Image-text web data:
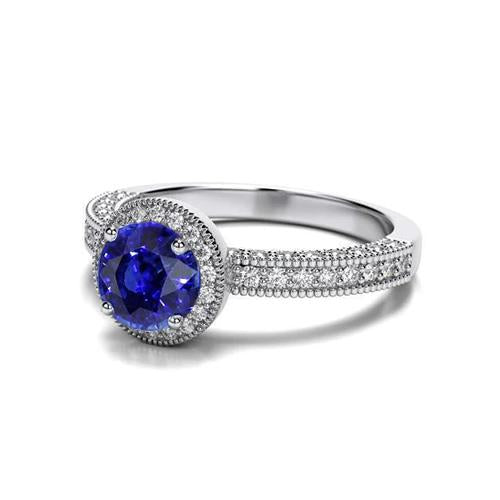 Anello con zaffiro dello Sri Lanka e diamante in oro bianco 3,05 carati stile vintage - harrychadent.it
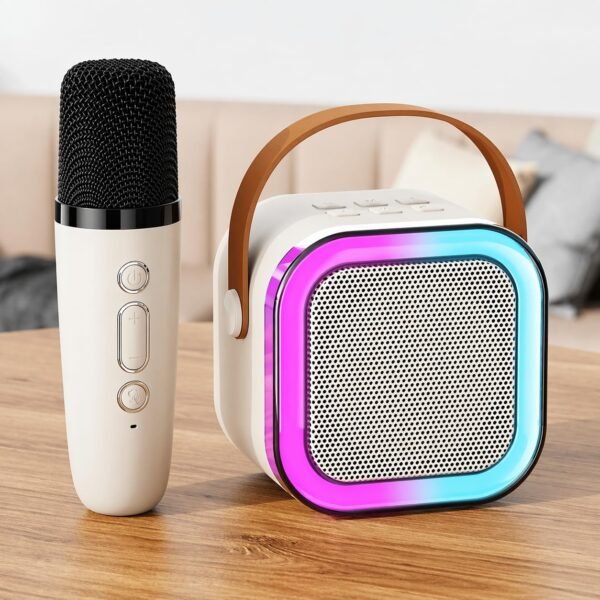 Goyal’s Portable Karaoke Bluetooth Speaker with Wireless Microphone | RGB LED Lights | Voice Change Effects | USB TF AUX FM | Mini Party Speaker for Kids & Adults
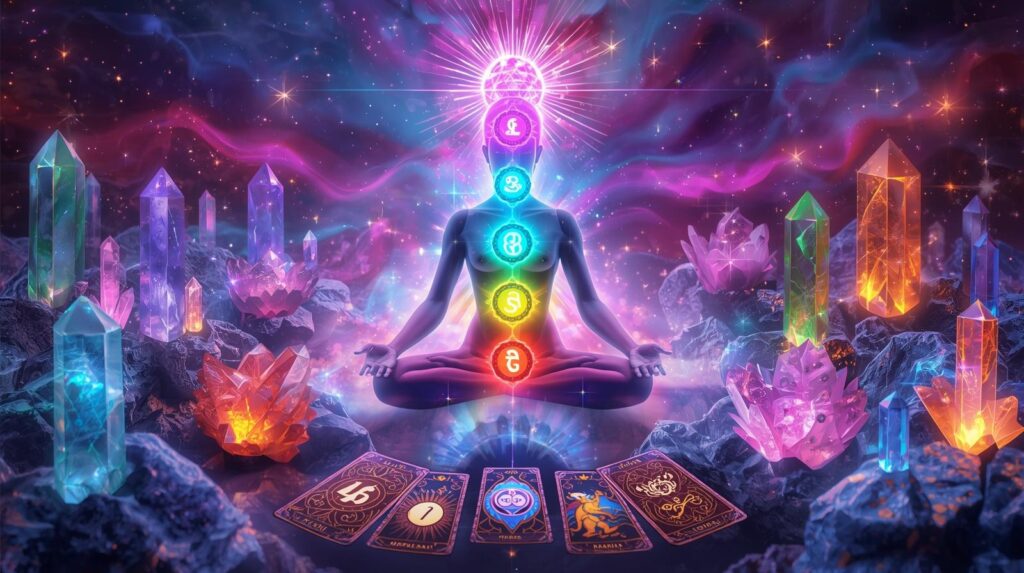 generate a cgi image showing seven chakras and different types of crystals aradiating shine rays and energy alongwith tarot cards numerology ess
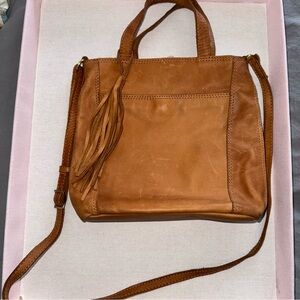 Margot Leather Crossbody Tote Bag Camel
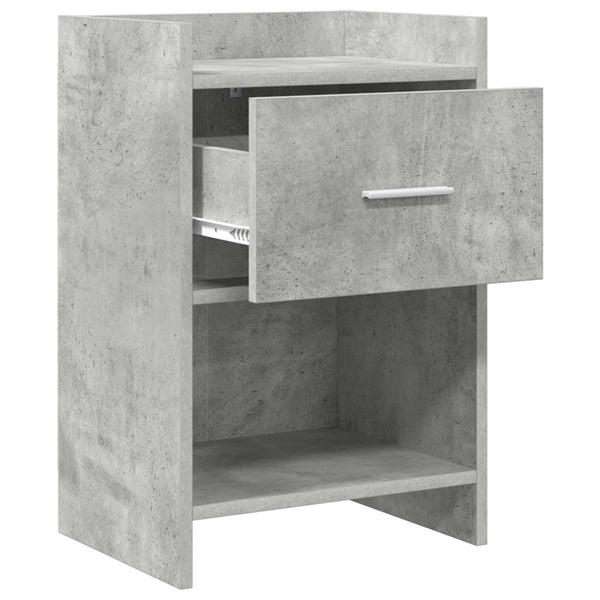 Yöpöydät 2 kpl Betoninharmaa 40 x 30 x 60 cm Tekninen puu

§ **TRY IT**: Only one thing is required: an exact printout of the lines from the line containing "Margot Leather Crossbody Tote Bag Camel" through the last line of the records, pictures excluded.

§ **ANSWER SECTION**:
 Margot Leather Crossbody Tote Bag Camel
 Yöpöydät 2 kpl Betoninharmaa 40 x 30 x 60 cm Tekninen puu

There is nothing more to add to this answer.